Defunct tennis tournament
- Tour: Pre-open era (1877–1967) Open era (1968–73)
- Founded: 1878
- Abolished: 1994
- Editions: 106
- Location: Bridge of Allan, Edinburgh, Glasgow, Moffat, Peebles, St Andrews, Wemyss Bay, Scotland
- Venue: Bridge of Allan LTC (1908–12, 1914) Edinburgh Craiglockhart LTC (1913,1919–29, 1900, 1946–57, 1959–60, 1963, 1965–1970) Grange Club, Edinburgh (1878–92, 1994) Glasgow (1958) Moffat Beachgrove Grounds (1895–1907) Peebles LTC (1930–39) St Andrews LTC (1893) Inverkip Rovers Club (1894)
- Surface: Grass / outdoor

= Scottish Championships (tennis) =

The Scottish Championships its original name until 1994 also known as the Scottish Lawn Tennis Championships, and the Scottish Grass Court Championships, was an outdoor tennis event held from 1878 through 1994. It was played at various locations throughout its duration including Bridge of Allan, Edinburgh, Glasgow, Moffat, Peebles, and St Andrews in Scotland.
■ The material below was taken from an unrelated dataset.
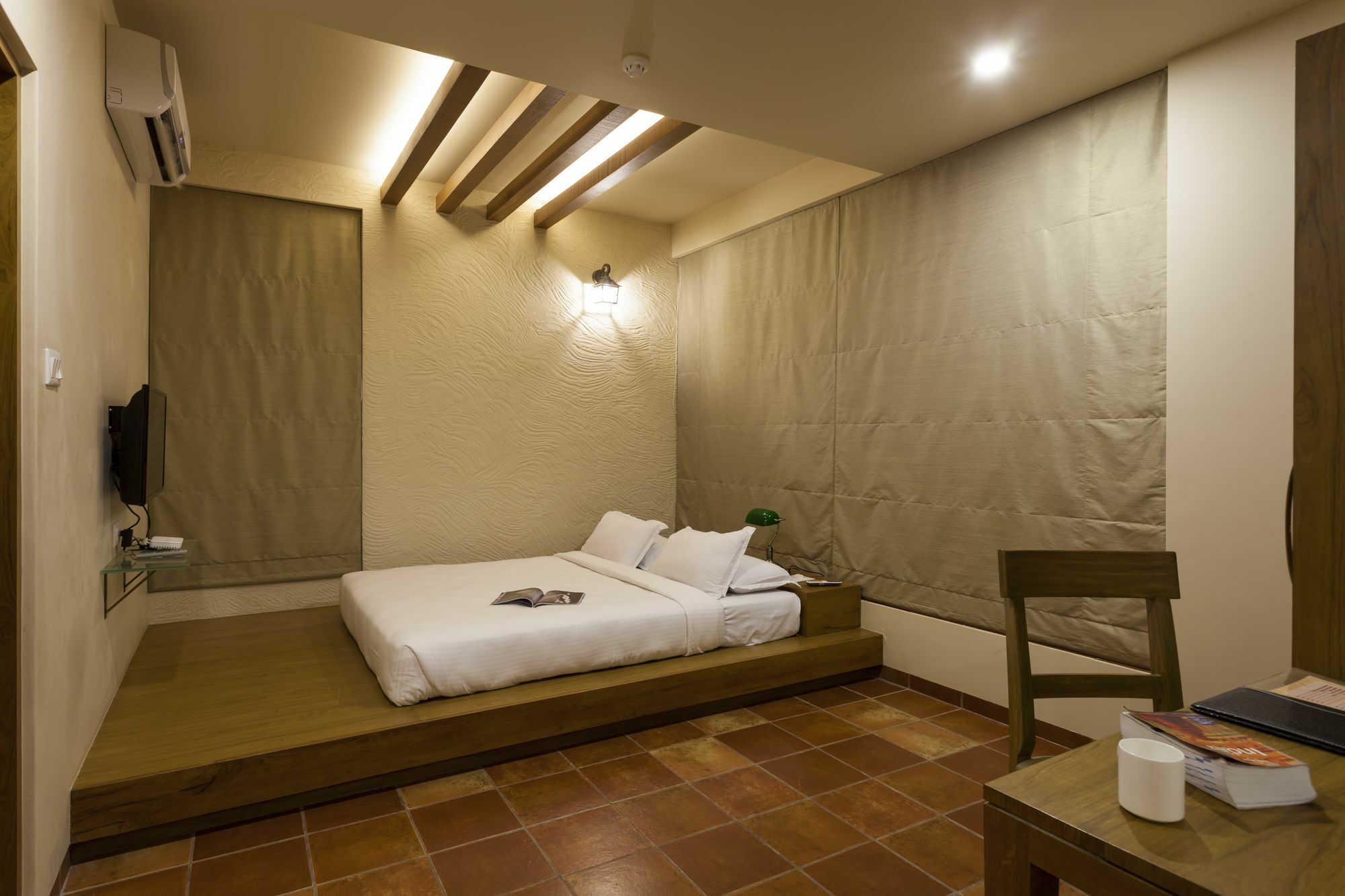 Hotel K Tree - A Boutique Hotel Kolhápur Kültér fotó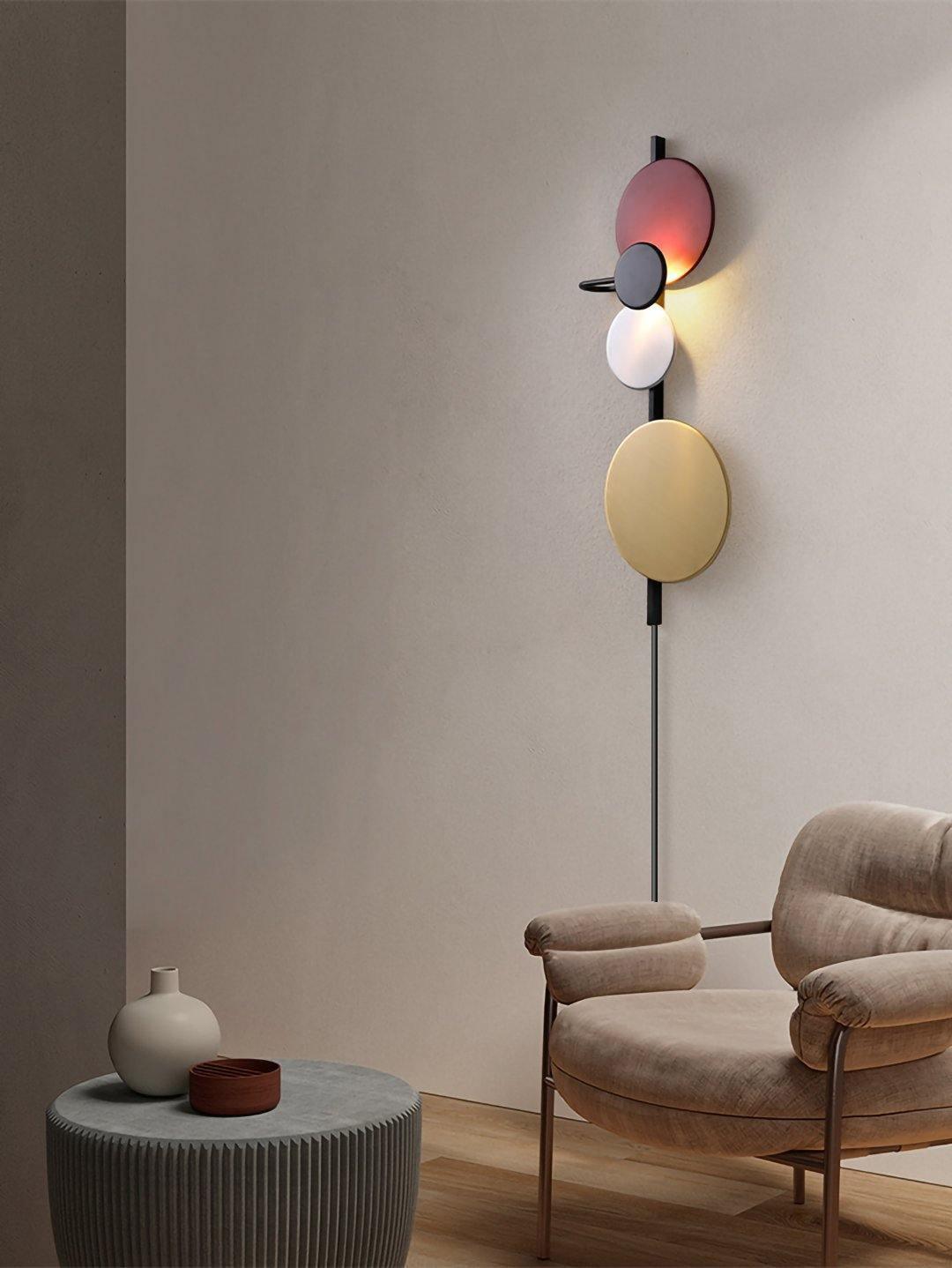 Selaaria zeitgenössische minimalistische Wandleuchte mit Stecker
The dates the tournament was held fluctuated between June and August annually.

==History==
The Scottish Lawn Tennis Championships tournament began in 1878. It was originally held at the Grange Club in Edinburgh until 1892. It returned only one more time in 1994. In 1893 the event was played once only in St Andrews. It was then played at Moffat during the late 1890s and most of the 1900s. In 1908 it changed location again and the championships were staged at Bridge of Allan until 1914. The championships returned to Edinburgh for a second time at what would become its semi-permanent home, Craiglockhart, from 1913, 1919 to 1929, then again 1946 through to 1960, 1963, then 1965 to 1975. During all of the 1930s the championships were staged at the Peebles Hotel Hydro courts. The championships was staged only once during its time in Glasgow in 1958.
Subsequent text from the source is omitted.